さよならを言うのです
「俺、夏が好きだよ。
だから--」
梅宮殿に一方的な感情をぶつけて数日。
忘れ物を取りに来てよかったです。
これで、罰はきっと終わりますから。
□■□
どうしてこんなに苦しいのでしょうか。
梅宮殿の目を見れば、わかりきっていたことなのに。
「うぐ……う、ぐすっ……」
自分のクラスなのに逃げることで精一杯でした。忘れ物は置き去りです。
昼間と打って変わり、人の気配がしない食堂。鼻を啜る汚い音が木霊します。
ここでたくさんお話した思い出も。
『……一緒に買っちゃおうか。おばちゃん、これも』
『へひい!?』
『え?』
『いやなにも!! あああありがとうございます!!』
『うん……キャンペーン中みたいで、こないだのアニメの、コースター配ってた』
『なんですと!?』
『いる? 俺も姉貴もスマーばっかり当たる』
『俺なんかの話、聞きたがってくれる人、あんまりいないから』
(…………帰ろう)
やっとやっと涙が枯れて、明るい校庭へ一歩踏み出します。
大丈夫。
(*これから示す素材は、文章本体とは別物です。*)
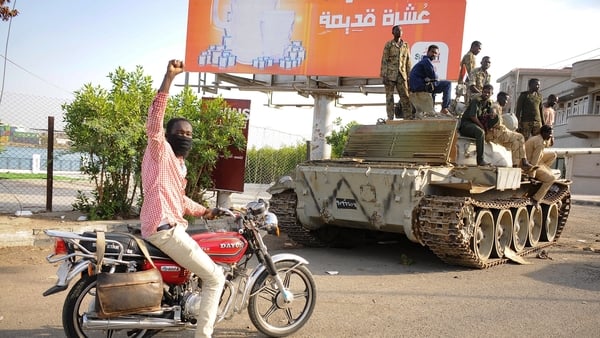 A man raises his arm in support as he drives near Sudanese army soldiers in the Red Sea city of Port Sudan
それがしはモブです。
わずかな時間でも夢を見せていただけたことに感謝すべきです。心を入れ替えます。
そう思ったのに。
「あ……秦さん」
「梅宮殿……」
神様がいるなら、どうしてこれ以上の罰を与えるのでしょうか。腐女子が人を想うことはそれほどの重罪だと。
「どうしたの? 目が、真っ赤」
今、一番会いたくて、会いたくないお方。嬉しくて、走り去りたいです。
紫の瞳にそれがしが映る。
「…………ちょっと擦りすぎてしまいまして!
それより、おめでとうございます!」
「え……?」
泣くなそれがし。
無理矢理に顔面の筋肉を引き上げ、震えないように腹から声を出します。
「江西殿とまたお付き合いできて、よかったですね!
お幸せに!」
きっと初めての恋でした。
鼻と目の奥が痛むけれど、今日の嘘もいつか本心になってくれます。
「立ち聞きしてしまって申し訳ないです! あ、すぐに居なくなりましたのでご心配なく!
それでは--」
「あのさ」
浅ましくもそれがしの足は止まりました。